Dogan felt his anger rising. “I gave him a direct order. He disobeyed it.”

“Yes, Grendel,” the Commander responded. “I’ve read the boy’s report on that. You ordered him to let Vaslov go, correct?”

“Correct.”

“The most wanted number from the KGB and you ordered him let go. Keyes claims he had the Russian dead on target.”

“The shot wasn’t clear. People were everywhere. If I had let that kid start blasting, innocent bystanders would have been dropping everywhere.”

“Along with Vaslov perhaps?”

“Possibly, but the risk was not acceptable,” Dogan explained, trying to justify his actions, though the truth was much simpler: Vaslov had beaten him and deserved to walk. “Shootouts are a thing of the past, Commander, you’ve told me that yourself on more than one occasion.”

The Commander glanced up briefly. “That’s not the point and please don’t talk to me about procedure. You didn’t just stop Keyes from firing into a crowd, you shattered his wrist and made holding a telephone painful for him for the rest of his life. He’s not happy and neither is the department.”

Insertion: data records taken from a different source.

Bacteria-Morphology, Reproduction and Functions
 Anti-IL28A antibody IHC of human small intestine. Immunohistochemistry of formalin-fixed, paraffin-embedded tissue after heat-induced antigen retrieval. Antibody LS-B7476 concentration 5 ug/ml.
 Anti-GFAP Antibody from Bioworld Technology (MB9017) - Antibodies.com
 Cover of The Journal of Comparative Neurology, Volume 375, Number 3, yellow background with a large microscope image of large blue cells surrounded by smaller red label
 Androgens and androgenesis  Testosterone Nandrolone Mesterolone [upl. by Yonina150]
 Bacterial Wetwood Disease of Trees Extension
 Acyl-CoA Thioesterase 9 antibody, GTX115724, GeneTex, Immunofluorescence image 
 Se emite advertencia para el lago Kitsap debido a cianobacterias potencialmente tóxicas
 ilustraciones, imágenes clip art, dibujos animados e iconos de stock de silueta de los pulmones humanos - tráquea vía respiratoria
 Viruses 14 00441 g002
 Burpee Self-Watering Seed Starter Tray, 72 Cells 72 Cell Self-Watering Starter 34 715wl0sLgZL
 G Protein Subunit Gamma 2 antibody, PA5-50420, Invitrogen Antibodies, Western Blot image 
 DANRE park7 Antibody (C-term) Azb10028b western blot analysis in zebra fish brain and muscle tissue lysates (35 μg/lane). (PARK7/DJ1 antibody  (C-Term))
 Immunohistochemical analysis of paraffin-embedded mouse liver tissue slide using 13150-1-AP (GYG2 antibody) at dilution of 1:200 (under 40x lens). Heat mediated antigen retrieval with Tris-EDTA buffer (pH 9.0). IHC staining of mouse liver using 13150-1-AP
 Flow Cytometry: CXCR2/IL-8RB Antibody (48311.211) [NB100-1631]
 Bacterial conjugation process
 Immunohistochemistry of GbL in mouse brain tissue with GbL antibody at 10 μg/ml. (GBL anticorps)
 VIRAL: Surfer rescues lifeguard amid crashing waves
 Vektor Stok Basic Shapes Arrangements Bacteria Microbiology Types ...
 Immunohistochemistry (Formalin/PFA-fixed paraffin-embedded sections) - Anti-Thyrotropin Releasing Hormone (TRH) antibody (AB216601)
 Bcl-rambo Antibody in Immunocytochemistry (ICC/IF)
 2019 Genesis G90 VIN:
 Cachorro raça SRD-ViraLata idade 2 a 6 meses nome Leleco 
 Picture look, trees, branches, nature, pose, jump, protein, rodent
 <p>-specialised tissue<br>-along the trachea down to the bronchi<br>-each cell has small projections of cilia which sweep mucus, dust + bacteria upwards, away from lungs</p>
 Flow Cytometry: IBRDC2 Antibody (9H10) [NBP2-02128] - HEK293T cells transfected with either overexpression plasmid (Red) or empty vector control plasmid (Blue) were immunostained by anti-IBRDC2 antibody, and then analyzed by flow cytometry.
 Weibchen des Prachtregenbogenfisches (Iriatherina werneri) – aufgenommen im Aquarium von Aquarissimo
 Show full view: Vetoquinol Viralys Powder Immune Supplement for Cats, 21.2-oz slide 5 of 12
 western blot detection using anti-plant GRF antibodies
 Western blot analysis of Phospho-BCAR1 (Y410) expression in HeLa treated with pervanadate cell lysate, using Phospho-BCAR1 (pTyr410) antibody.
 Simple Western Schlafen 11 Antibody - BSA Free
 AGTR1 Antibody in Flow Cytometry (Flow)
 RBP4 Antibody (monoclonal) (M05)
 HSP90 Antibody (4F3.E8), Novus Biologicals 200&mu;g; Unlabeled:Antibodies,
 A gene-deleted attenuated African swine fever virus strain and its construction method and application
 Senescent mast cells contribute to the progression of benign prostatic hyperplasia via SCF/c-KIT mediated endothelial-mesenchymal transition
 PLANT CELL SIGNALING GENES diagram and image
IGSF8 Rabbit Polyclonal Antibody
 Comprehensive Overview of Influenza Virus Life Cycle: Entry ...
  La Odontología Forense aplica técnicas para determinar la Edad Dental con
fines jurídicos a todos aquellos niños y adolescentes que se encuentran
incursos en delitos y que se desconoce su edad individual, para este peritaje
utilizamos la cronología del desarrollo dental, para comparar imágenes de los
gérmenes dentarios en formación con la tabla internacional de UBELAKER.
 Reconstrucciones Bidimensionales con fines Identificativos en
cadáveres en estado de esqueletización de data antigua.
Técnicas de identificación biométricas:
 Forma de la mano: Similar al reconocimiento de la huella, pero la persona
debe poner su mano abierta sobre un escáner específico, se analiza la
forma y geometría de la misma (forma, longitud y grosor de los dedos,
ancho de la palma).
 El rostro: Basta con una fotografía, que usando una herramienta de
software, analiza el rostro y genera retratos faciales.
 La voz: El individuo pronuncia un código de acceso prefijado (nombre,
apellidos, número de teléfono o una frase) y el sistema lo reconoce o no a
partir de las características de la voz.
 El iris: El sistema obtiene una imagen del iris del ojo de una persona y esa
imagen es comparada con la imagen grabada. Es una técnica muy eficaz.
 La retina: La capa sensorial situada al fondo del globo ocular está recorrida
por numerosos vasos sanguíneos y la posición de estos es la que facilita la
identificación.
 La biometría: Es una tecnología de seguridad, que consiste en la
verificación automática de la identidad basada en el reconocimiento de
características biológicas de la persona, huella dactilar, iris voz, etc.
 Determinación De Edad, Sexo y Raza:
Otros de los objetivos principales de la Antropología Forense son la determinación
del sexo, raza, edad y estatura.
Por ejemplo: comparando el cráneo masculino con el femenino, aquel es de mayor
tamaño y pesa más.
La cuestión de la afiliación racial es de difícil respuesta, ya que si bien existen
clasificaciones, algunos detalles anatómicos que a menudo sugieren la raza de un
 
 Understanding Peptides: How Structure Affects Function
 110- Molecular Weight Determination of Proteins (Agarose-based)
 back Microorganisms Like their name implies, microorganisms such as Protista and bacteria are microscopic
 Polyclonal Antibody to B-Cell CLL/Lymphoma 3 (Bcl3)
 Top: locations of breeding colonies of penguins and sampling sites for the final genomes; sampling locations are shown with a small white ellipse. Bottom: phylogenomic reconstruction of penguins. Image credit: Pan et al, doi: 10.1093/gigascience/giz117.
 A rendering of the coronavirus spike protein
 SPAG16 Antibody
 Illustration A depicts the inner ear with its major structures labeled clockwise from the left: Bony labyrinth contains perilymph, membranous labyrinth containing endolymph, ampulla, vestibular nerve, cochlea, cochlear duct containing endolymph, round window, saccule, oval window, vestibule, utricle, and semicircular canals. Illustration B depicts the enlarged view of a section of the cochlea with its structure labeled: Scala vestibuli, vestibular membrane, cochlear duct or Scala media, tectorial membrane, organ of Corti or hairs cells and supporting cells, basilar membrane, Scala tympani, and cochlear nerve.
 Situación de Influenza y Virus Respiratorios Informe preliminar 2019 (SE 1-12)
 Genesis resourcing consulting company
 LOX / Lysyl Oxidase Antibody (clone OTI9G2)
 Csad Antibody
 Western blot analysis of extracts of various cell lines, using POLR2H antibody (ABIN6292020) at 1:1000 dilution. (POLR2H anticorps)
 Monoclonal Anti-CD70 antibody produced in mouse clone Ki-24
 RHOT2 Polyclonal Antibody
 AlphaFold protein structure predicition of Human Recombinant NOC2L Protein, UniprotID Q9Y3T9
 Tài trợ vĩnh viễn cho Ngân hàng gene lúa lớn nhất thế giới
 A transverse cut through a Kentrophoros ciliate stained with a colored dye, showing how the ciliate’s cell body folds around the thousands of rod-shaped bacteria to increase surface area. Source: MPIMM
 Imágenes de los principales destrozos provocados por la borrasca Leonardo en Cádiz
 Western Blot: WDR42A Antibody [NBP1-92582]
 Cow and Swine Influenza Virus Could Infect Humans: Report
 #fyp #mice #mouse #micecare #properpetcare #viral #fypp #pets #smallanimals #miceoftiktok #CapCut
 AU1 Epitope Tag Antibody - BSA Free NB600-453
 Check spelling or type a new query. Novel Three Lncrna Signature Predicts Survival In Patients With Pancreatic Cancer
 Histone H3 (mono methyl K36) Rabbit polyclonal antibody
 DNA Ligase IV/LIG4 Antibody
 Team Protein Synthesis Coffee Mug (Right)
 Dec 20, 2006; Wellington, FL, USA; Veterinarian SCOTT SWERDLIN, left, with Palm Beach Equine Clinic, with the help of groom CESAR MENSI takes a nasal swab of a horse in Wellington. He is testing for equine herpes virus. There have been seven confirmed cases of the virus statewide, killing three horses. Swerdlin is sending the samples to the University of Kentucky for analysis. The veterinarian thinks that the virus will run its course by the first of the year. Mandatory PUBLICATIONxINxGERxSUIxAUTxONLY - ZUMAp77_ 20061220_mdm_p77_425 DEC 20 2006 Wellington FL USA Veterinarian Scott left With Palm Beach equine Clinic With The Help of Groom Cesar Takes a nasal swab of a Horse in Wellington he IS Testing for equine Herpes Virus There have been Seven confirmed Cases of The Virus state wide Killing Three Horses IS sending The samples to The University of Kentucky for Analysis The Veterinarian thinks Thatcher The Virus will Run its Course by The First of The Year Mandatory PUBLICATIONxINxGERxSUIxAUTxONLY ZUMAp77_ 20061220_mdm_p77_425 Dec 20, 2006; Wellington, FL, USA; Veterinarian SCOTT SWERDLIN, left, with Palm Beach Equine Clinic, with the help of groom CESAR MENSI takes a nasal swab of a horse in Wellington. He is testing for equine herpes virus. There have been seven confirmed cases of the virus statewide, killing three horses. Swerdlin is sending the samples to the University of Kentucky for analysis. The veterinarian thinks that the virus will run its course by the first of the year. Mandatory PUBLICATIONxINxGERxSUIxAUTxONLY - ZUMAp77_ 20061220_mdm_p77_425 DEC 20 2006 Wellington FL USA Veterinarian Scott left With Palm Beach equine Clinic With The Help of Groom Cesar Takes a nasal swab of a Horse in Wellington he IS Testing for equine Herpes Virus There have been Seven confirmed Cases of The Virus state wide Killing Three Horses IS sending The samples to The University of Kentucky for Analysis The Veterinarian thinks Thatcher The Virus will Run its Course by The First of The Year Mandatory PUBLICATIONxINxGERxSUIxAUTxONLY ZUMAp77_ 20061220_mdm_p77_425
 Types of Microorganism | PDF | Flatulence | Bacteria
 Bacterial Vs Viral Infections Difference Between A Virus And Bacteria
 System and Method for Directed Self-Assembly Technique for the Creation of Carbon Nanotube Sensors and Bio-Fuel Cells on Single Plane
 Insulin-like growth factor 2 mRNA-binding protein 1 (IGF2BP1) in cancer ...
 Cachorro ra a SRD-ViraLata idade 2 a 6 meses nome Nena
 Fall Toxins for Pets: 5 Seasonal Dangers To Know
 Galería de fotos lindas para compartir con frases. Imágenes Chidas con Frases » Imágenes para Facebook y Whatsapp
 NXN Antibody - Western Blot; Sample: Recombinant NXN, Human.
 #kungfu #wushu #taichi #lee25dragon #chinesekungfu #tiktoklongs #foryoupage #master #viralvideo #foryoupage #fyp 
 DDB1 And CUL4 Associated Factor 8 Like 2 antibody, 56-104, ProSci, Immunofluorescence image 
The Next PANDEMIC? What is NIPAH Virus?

“You’re not expecting me to deny this, I hope.”

“There would be no sense in that. You violated a major rule of the field this morning: You let anger get the better of you.”

“Not anger, Commander, frustration. You gave me a bunch of wet-eared kids who couldn’t follow orders on a simple pickup operation.”

“The operation was yours, Grendel. So is the responsibility for bungling it.”

“And I’m not trying to pass that off. Except the operation wasn’t bungled. It was clean and well conceived.”

“The results seem to indicate otherwise….”

“Because Vaslov and the Russians beat us. They played a better game. They’re superior to us because their agents know nothing about ego gratifications. They have a job to do and it gets done. Simple.”